## What to produce
Your answer must be an exact copy of the entries below, with every picture removed.
§
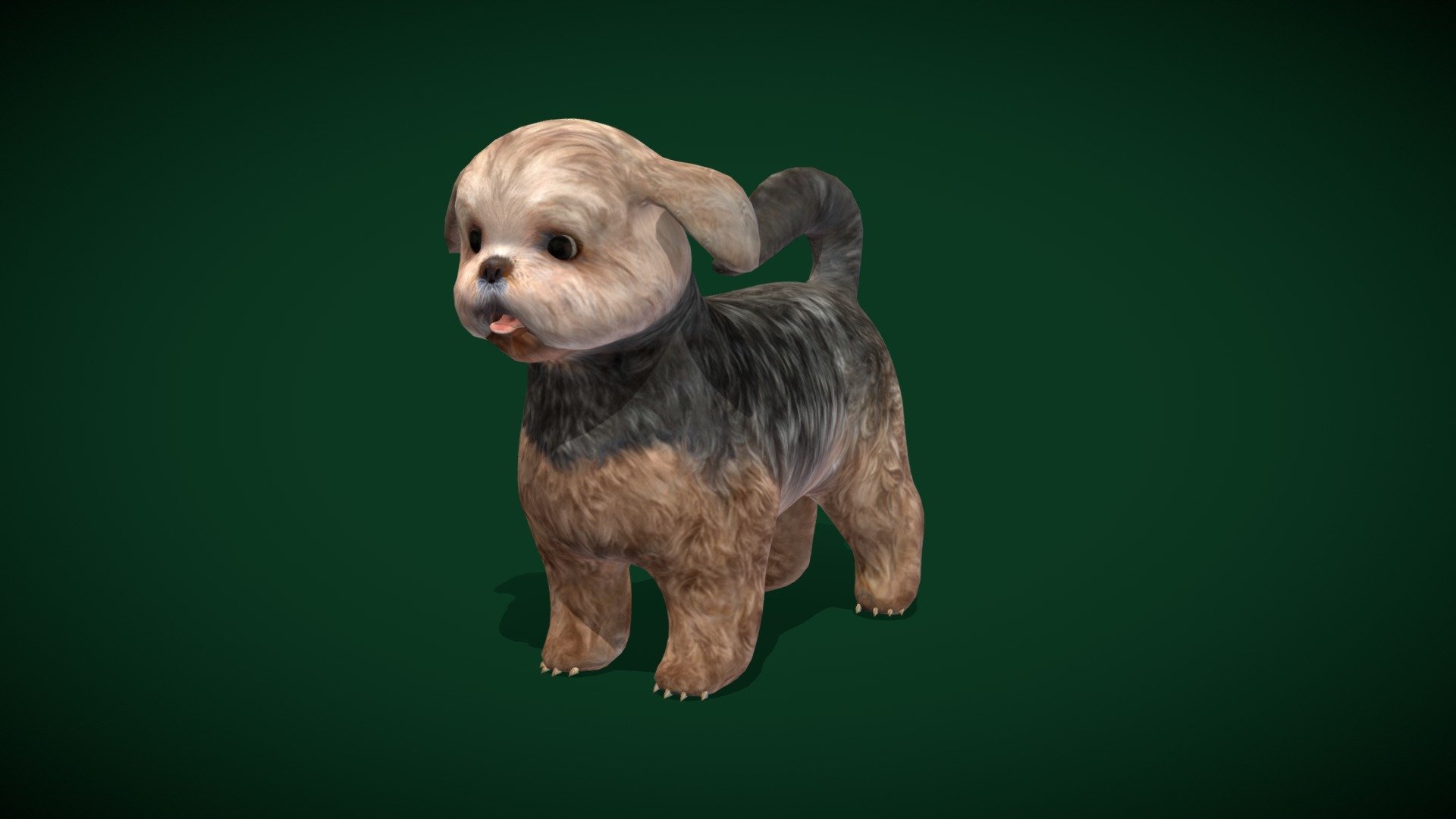 

Shihtzu Dog  (Toy Dog Pet Dog Breed) 

Canis lupus familiaris Animal Mammal (  Cute ) Pekingese

1 Draw Calls

Lowpoly









1 Animations

4K PBR Textures Material

Unreal FBX

Unity FBX  

Blend File 

USDZ File (AR Ready). Real Scale Dimension

Textures Files

GLB File

Gltf File ( Spark AR, Lens Studio(SnapChat) , Effector(Tiktok) , Spline, Play Canvas ) Compatible

Triangles : 9608

Vertices  : 4934

Faces     : 6117

Edges     : 11030

The Shih Tzu is a toy_dog or pet_dog breed originating from Tibet and believed to be bred from the Pekingese and the Lhasa Apso. Shih Tzus are known for their short snouts and large round eyes, as well as their long coat, floppy ears, and short and stout posture. Wikipedia
Temperament: Playful, Clever, Affectionate, Lively, Intelligent, MORE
§
## Finished exercise
Shihtzu Dog  (Toy Dog Pet Dog Breed) 

Canis lupus familiaris Animal Mammal (  Cute ) Pekingese

1 Draw Calls

Lowpoly









1 Animations

4K PBR Textures Material

Unreal FBX

Unity FBX  

Blend File 

USDZ File (AR Ready). Real Scale Dimension

Textures Files

GLB File

Gltf File ( Spark AR, Lens Studio(SnapChat) , Effector(Tiktok) , Spline, Play Canvas ) Compatible

Triangles : 9608

Vertices  : 4934

Faces     : 6117

Edges     : 11030

The Shih Tzu is a toy_dog or pet_dog breed originating from Tibet and believed to be bred from the Pekingese and the Lhasa Apso. Shih Tzus are known for their short snouts and large round eyes, as well as their long coat, floppy ears, and short and stout posture. Wikipedia
Temperament: Playful, Clever, Affectionate, Lively, Intelligent, MORE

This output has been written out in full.